In most areas of Beaujolais, 2022 offered a generous harvest compared to the past few years. Although the overall yields were higher, the vintage came with complicated vinifications. Many grapes were damaged from late hail in the season, and ample dryness led to abundant skins and seeds with little liquid to help fermentations, as well as high pH. (For example, Yann Bertrand notes that he had 33 to 34 hectoliters in Fleurie and Morgon, whereas without hail, he would’ve had between 45 and 48.)
It was interesting—and more importantly, very assuring—to see different ways that our winemakers are adapting to continue with their styles intuitively.
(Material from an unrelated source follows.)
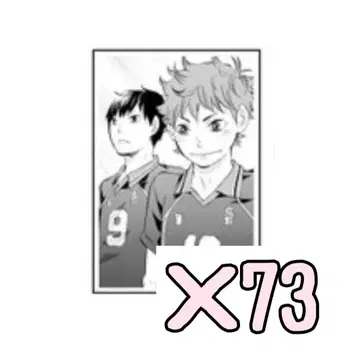 하이큐 크로니클 포토 카드 히나타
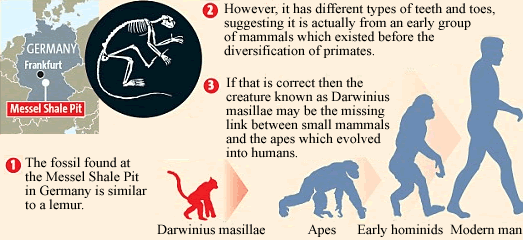 [ida darwinius masillae could be our earliest ancestor]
Yann, for instance, did a semi-carbonic for the first time, with the exception of Beaujolais Langitiné, which went through a strict carbonic maceration (his Langtinié fruit comes from very high altitudes and is planted with young vines that give generously / vigorously). For other cuvées, he did a direct press for 30% of the harvest along with semi-carbonic, which allowed the juice to ferment well. Yann is very happy with how his vinifications went, and his wines were tasting great (there was no SO2 added thus far when we tasted them).
Depending on the vintage, Yann may change the proportion of elevage in oak barrel vs. tank. In 2019, a large amount of rain fell before harvest, so he chose to age all of his wines in oak barrels, so as to give them more structure; in 2020, he chose to age about 50% in barrel, as the wines were high in alcohol and very structured. In 2021, the ratio was 70/30 barrel and tank. In 2022, the élevage was much more cuvée-specific. For example, 30% in tank for Julienas and Saint-Amour, 30% in concrete tanks for Chaos, 100% in steel for Fleurie Mon Petit Chérie, ⅔ in tank and ⅓ in barrel for Beaujolais.
Another interesting example of vinification adaptation could be seen chez Justin Dutraive, as he decided to harvest early on his high-altitude wines to avoid the above problem of dryness, as well as implemented a carbo sèche technique, which consists of strict carbonic maceration, but the winemaker removes the juice from the concrete tanks each morning and night, so as to make sure that all of the fermentations are truly taking place inside the berries; he’s only one of two winemakers doing so in the Beaujolais. The resulting wines offered punchy fruit flavors and a long-lasting first nose, both of which offered structure to the final wine; one of the standouts of our tasting at BBB.